= Beginning of Section =

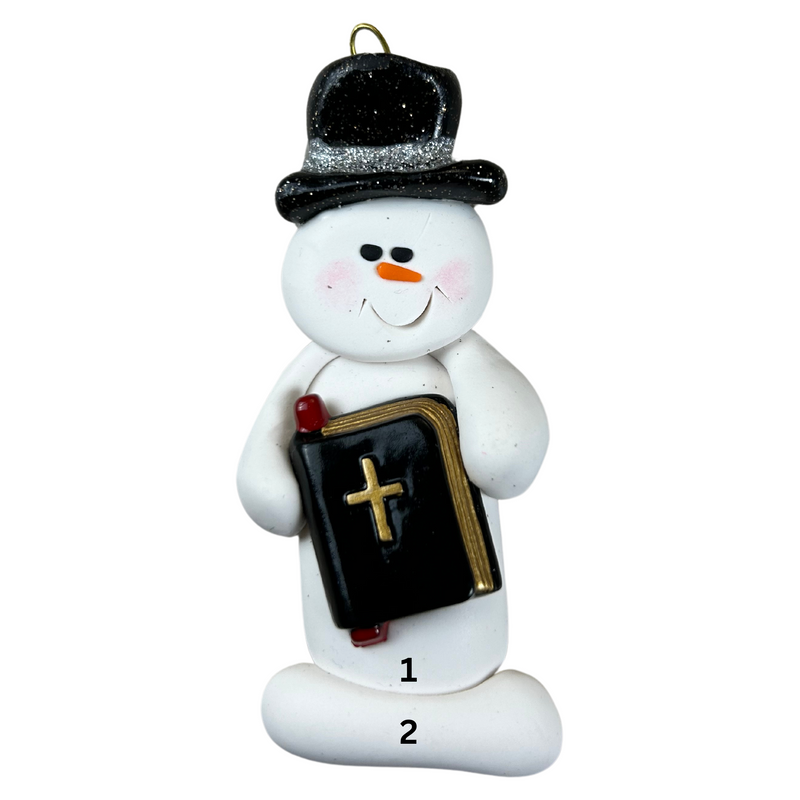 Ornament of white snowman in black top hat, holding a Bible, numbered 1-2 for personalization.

= End of Section =
= Beginning of Section =

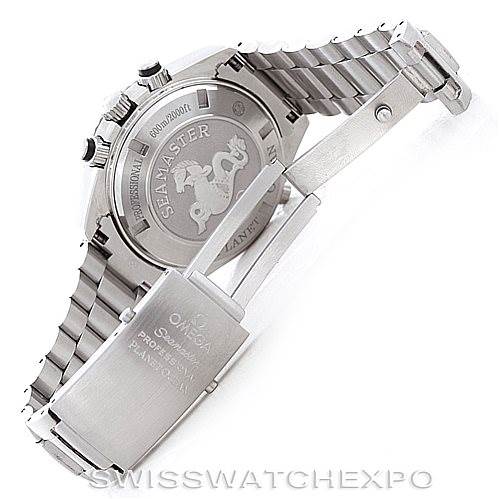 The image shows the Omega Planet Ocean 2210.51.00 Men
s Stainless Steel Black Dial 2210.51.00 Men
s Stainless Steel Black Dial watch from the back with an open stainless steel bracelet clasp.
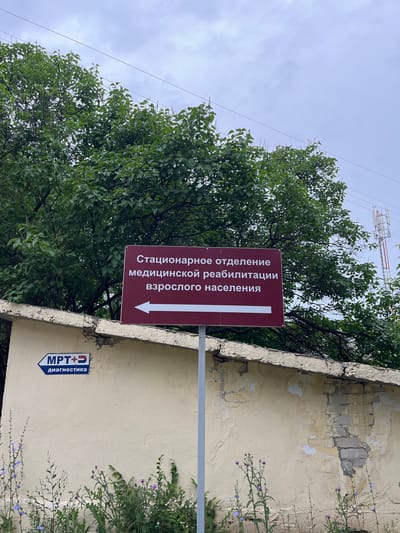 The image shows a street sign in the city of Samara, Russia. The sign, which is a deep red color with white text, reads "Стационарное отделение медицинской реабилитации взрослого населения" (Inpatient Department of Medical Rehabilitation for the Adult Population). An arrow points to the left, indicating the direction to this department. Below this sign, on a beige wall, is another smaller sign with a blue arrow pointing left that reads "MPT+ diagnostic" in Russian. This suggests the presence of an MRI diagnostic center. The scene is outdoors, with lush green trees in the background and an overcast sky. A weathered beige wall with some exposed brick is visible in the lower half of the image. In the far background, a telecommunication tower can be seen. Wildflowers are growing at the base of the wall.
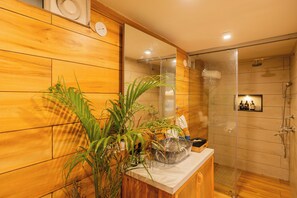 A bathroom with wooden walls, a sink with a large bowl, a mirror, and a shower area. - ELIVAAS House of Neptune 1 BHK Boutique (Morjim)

= End of Section =

* _WHAT YOU NEED TO DO_
The expected answer is every line in the data above that carries the string "Dial".

* _REPLY TO THE TASK_
s Stainless Steel Black Dial 2210.51.00 Men
s Stainless Steel Black Dial watch from the back with an open stainless steel bracelet clasp.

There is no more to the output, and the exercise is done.